### [EXERCISE BRIEF]
To complete this task, print all the data below exactly but leave out the images.

========================

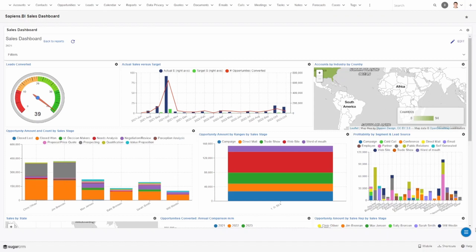And that's it, you have set up your first Sapiens BI integrated dashboard. If you still need any help figuring this out, just reach out to us and we will walk you through it. Thank you so much for watching and until next time.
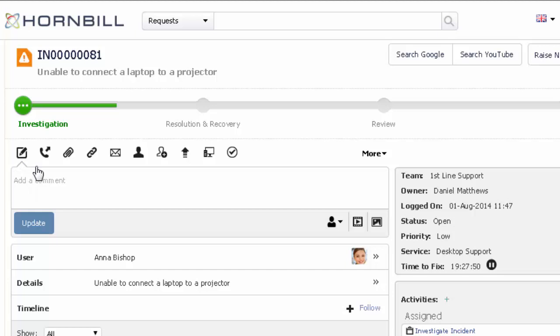Across the top of the incident we can see the action bar which contains the different actions that can be applied against this incident.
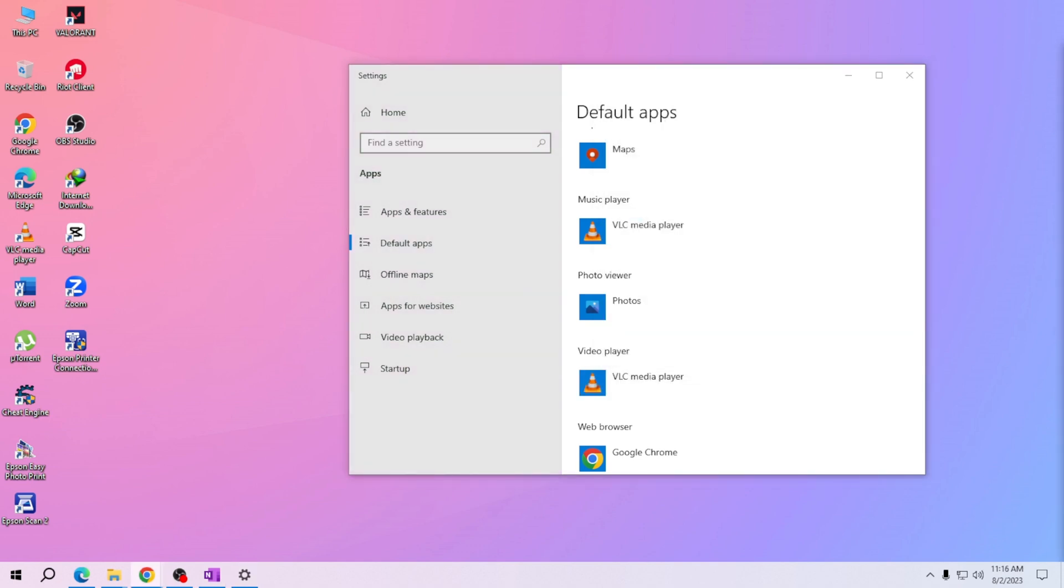Thank you for learning with me today. I hope you found this tutorial helpful. Now you know how to change the default media player on your computer right from the search bar, making your media experience even better. If you enjoyed this video, give it a thumbs up.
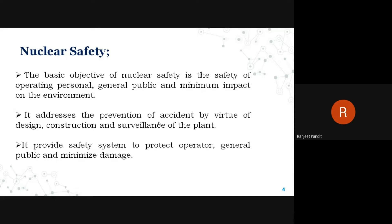The basic objectives of nuclear safety are the safety of operating persons, the general public, and minimum impact on the environment. These three things are very important in nuclear safety. The people working inside the nuclear power plant should be safe, as well as the general public.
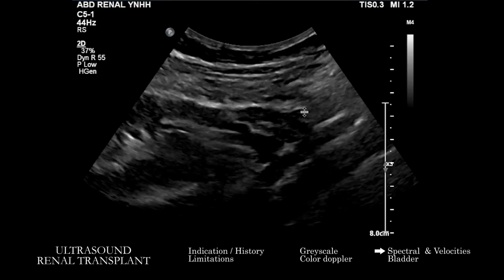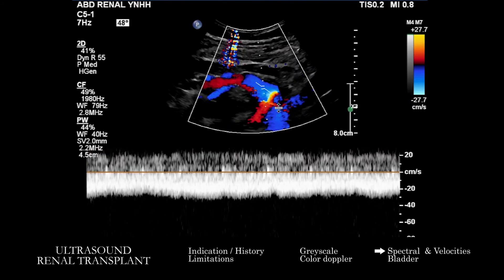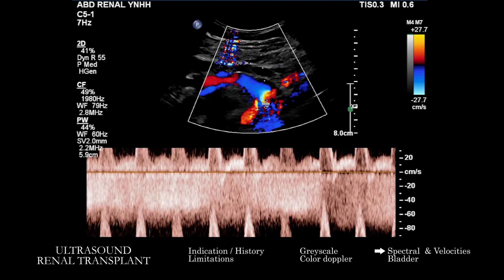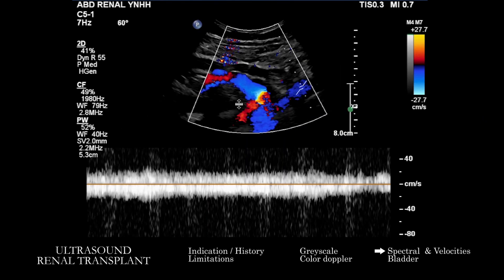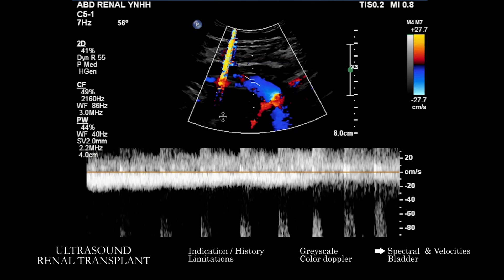Looking at the collected values, how have the resistive indices changed compared to prior? Are any of them greater than 0.8? What has been their evolution over the course since time of transplant? Those are questions you want to keep in mind. Also make sure not just the arterial anatomy is patent, but the venous anatomy is patent and has expected venous flow on the spectral Doppler images.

========================

### [TASK ANSWER]
And that's it, you have set up your first Sapiens BI integrated dashboard. If you still need any help figuring this out, just reach out to us and we will walk you through it. Thank you so much for watching and until next time.
Across the top of the incident we can see the action bar which contains the different actions that can be applied against this incident.
Thank you for learning with me today. I hope you found this tutorial helpful. Now you know how to change the default media player on your computer right from the search bar, making your media experience even better. If you enjoyed this video, give it a thumbs up.
The basic objectives of nuclear safety are the safety of operating persons, the general public, and minimum impact on the environment. These three things are very important in nuclear safety. The people working inside the nuclear power plant should be safe, as well as the general public.
Looking at the collected values, how have the resistive indices changed compared to prior? Are any of them greater than 0.8? What has been their evolution over the course since time of transplant? Those are questions you want to keep in mind. Also make sure not just the arterial anatomy is patent, but the venous anatomy is patent and has expected venous flow on the spectral Doppler images.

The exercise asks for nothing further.